INPUT MATERIAL Start Marker
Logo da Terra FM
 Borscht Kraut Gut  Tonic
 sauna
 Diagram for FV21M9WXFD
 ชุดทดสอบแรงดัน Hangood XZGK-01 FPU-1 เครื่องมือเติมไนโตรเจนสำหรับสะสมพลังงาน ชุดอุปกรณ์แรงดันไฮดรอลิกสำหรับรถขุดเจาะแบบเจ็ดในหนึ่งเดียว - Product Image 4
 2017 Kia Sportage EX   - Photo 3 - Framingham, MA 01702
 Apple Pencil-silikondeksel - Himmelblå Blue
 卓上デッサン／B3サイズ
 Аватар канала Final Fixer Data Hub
INPUT MATERIAL End Marker
**AIM OF THE EXERCISE:** Return every line of the material exactly.

**SOLUTION FOR THIS PROBLEM:**
Logo da Terra FM
 Borscht Kraut Gut  Tonic
 sauna
 Diagram for FV21M9WXFD
 ชุดทดสอบแรงดัน Hangood XZGK-01 FPU-1 เครื่องมือเติมไนโตรเจนสำหรับสะสมพลังงาน ชุดอุปกรณ์แรงดันไฮดรอลิกสำหรับรถขุดเจาะแบบเจ็ดในหนึ่งเดียว - Product Image 4
 2017 Kia Sportage EX   - Photo 3 - Framingham, MA 01702
 Apple Pencil-silikondeksel - Himmelblå Blue
 卓上デッサン／B3サイズ
 Аватар канала Final Fixer Data Hub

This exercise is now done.